* **EXERCISE**
What is needed is an exact copy of the lines from the one containing "Wicking Hybrid Short" through the last line of the records below, with no pictures.
*** DATA SUPPLIED Section Begins ***
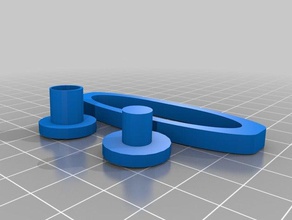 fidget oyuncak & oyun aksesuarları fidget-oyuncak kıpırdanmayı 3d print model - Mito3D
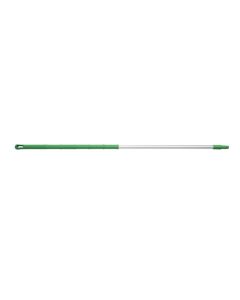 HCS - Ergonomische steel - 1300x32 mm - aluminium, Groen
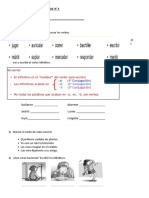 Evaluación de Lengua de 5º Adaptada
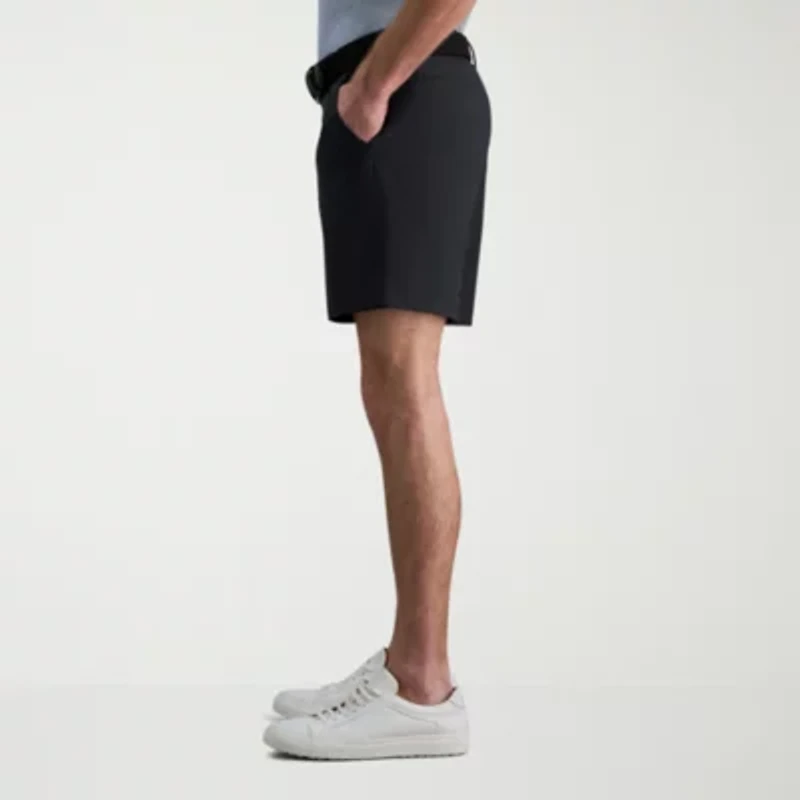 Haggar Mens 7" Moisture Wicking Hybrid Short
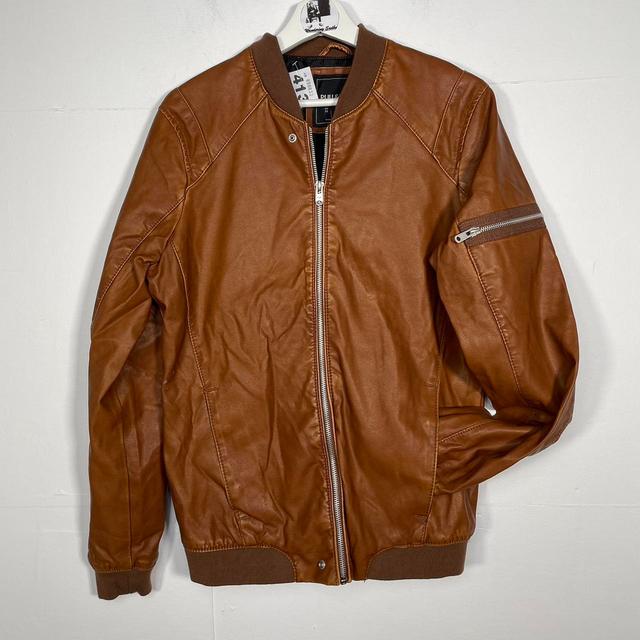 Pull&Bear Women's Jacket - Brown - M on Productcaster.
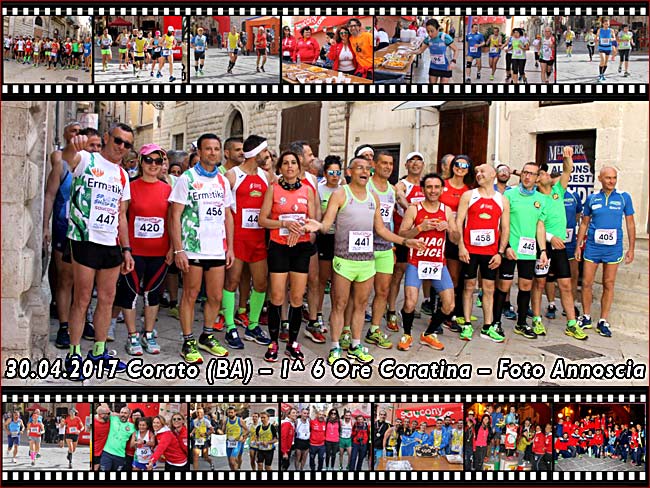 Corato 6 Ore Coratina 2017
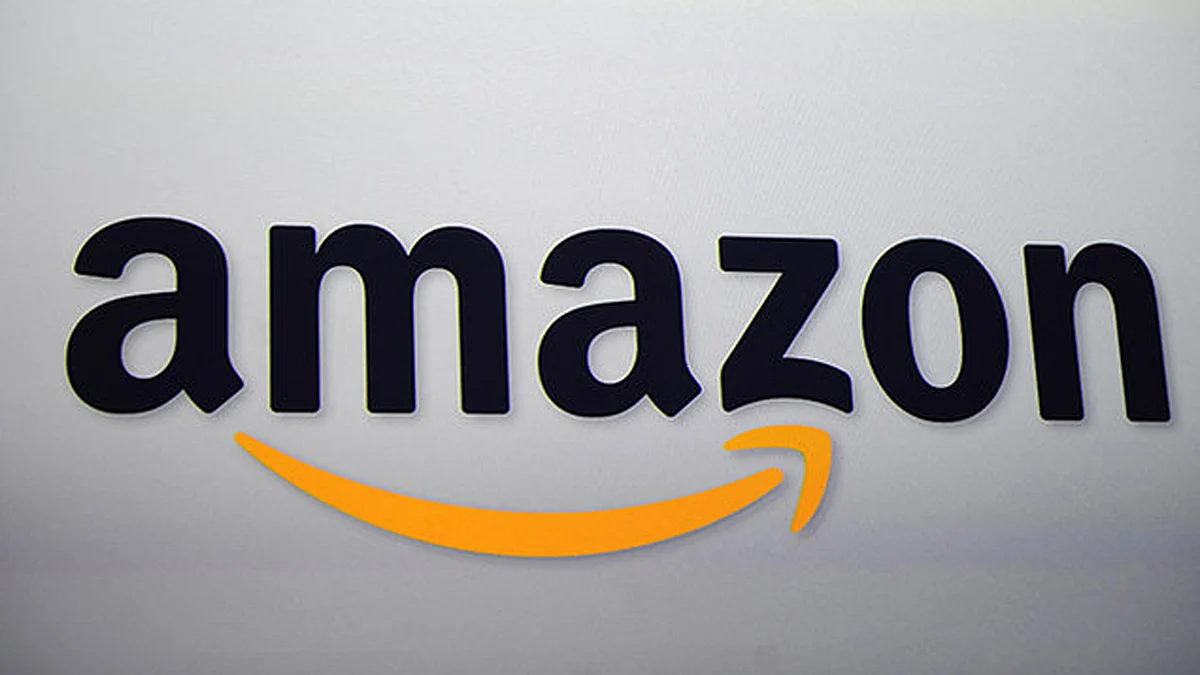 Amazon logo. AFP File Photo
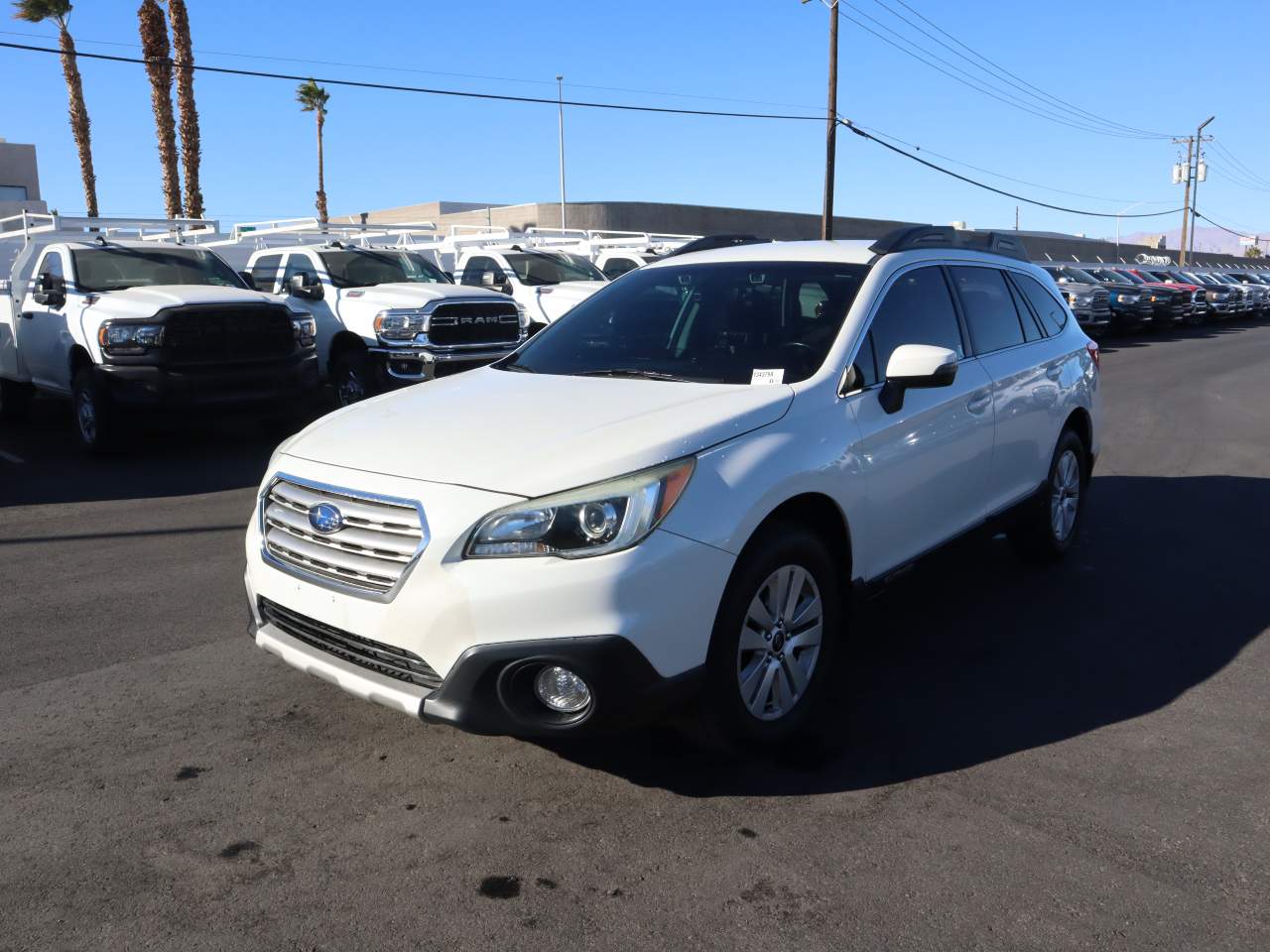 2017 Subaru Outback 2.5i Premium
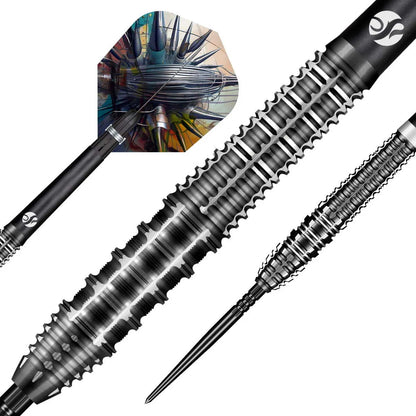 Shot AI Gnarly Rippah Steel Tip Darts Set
*** DATA SUPPLIED Section Ends ***
* **TASK OUTPUT**
 Haggar Mens 7" Moisture Wicking Hybrid Short
 Pull&Bear Women's Jacket - Brown - M on Productcaster.
 Corato 6 Ore Coratina 2017
 Amazon logo. AFP File Photo
 2017 Subaru Outback 2.5i Premium
 Shot AI Gnarly Rippah Steel Tip Darts Set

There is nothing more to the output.